## DATA SHOWN
★ ★ ★ ★

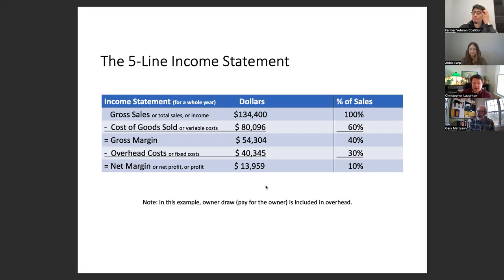The dollars in this example are from an actual farm that's doing reasonably well — your numbers will obviously vary. That 60% cost of goods sold is a target; if you can get it to 50% or 40%, even better. One reason we give this example is to show that the money goes quickly. $134,000 in gross sales sounds big, but you only get to keep 40% of that to cover overhead and profit, and that goes very quickly.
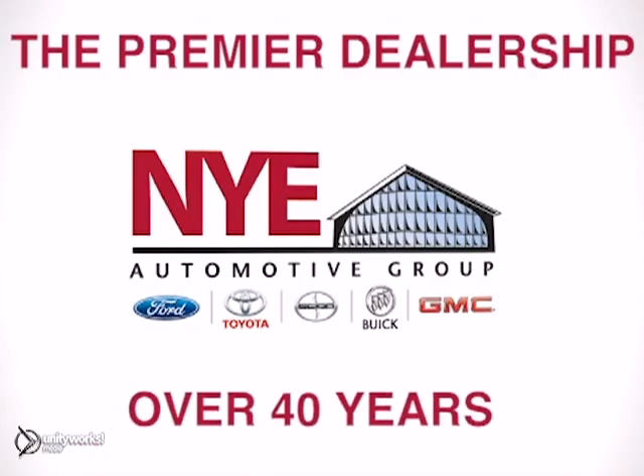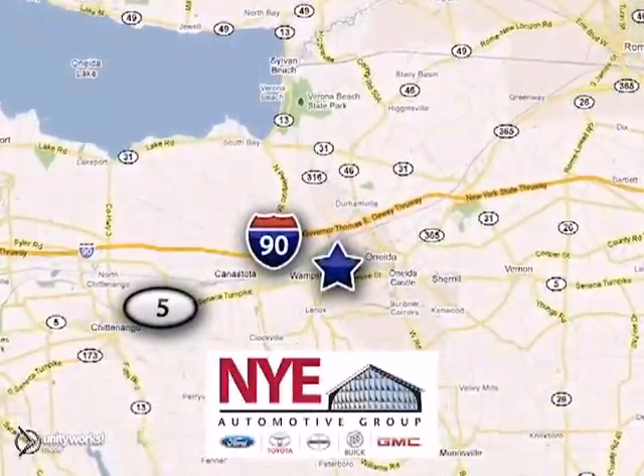The Nye Automotive Group has been the premier dealership in Oneida for vehicle sales and service for over 40 years. We are conveniently located on Route 5 in Oneida.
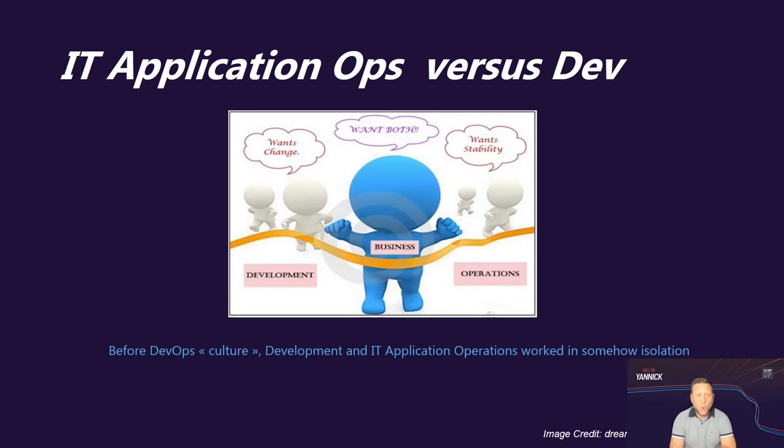IT application ops versus dev — here's a picture that shows the situation we were facing: the segregation between the development team on one side wanting to provide changes and new features, and on the other side the IT application ops teams wanting stability for applications and infrastructure. In the middle, you have business users who want both changes and stability. So we were thinking: how can IT ops, development teams, and business all work together sharing the same goal?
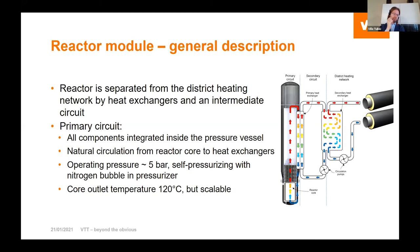The design we worked on is rather similar to what Eric Hanus was showing for CEA's design yesterday: the reactor separated from the district heating network by an intermediate circuit, primary circuit components integrated inside the pressure vessel, and aiming for natural circulation from the reactor core to heat exchangers. Operating pressure is actually relatively low, with self-pressurizing via a nitrogen bubble in the pressure riser. Core output temperature is 120°C but scalable, yielding around 90°C output temperature for the district heating network, which is sufficient for most of the year in a Finnish context.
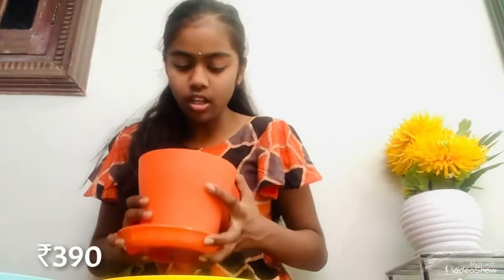So first we will start with our pots. These are the pots which I have ordered on Amazon. So set of 4, $3.90.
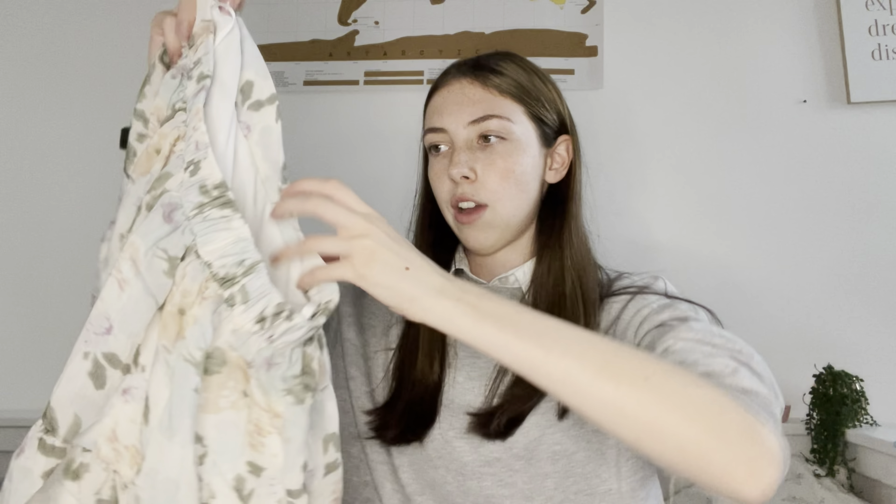Moving on to clothes — I got this skirt which I saw in Primark a few weeks ago. It's really cute and I have loads of tops that can match it. I've been quite into skirts recently. It's tiered — it kind of flares out — and it fits really well. It's very summery.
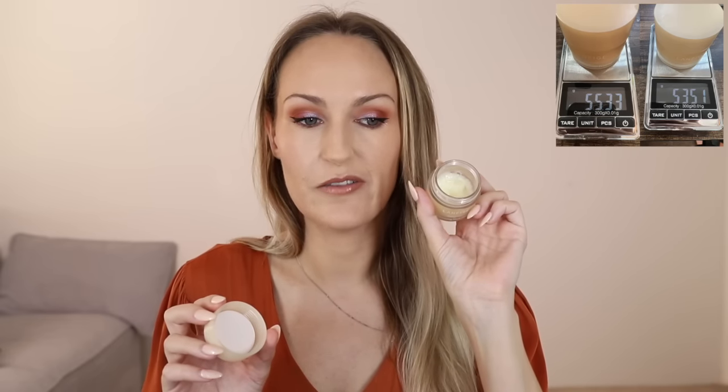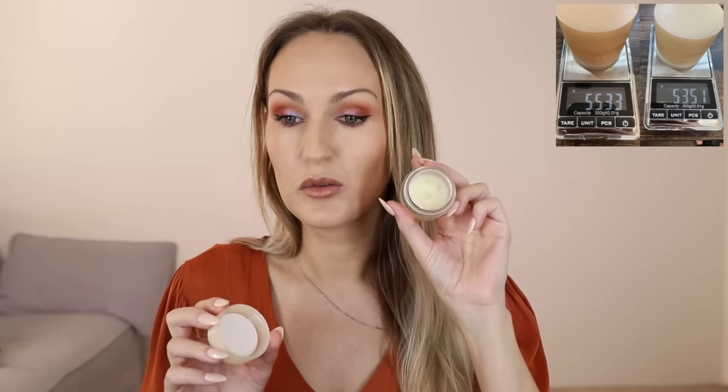Laneige lip sleeping mask in vanilla - these are always fun to weigh. I've got about half a tub left. It was 55.33 grams, now 53.51 grams. I only really use this at night, and sometimes if I've got dry lips during the day I'll put it on if it catches my eye, but I've mostly been trying to use the other lip products in my everyday makeup drawer to stretch it out a bit. Laneige is a long-term relationship kind of product.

★ ★ ★ ★

## WHAT IS BEING ASKED
Excluding any pictures, print exactly the lines of the listing above from the line with "The design we" to the line with "Moving on to", both ends included.

## EXERCISE SOLUTION
The design we worked on is rather similar to what Eric Hanus was showing for CEA's design yesterday: the reactor separated from the district heating network by an intermediate circuit, primary circuit components integrated inside the pressure vessel, and aiming for natural circulation from the reactor core to heat exchangers. Operating pressure is actually relatively low, with self-pressurizing via a nitrogen bubble in the pressure riser. Core output temperature is 120°C but scalable, yielding around 90°C output temperature for the district heating network, which is sufficient for most of the year in a Finnish context.
So first we will start with our pots. These are the pots which I have ordered on Amazon. So set of 4, $3.90.
Moving on to clothes — I got this skirt which I saw in Primark a few weeks ago. It's really cute and I have loads of tops that can match it. I've been quite into skirts recently. It's tiered — it kind of flares out — and it fits really well. It's very summery.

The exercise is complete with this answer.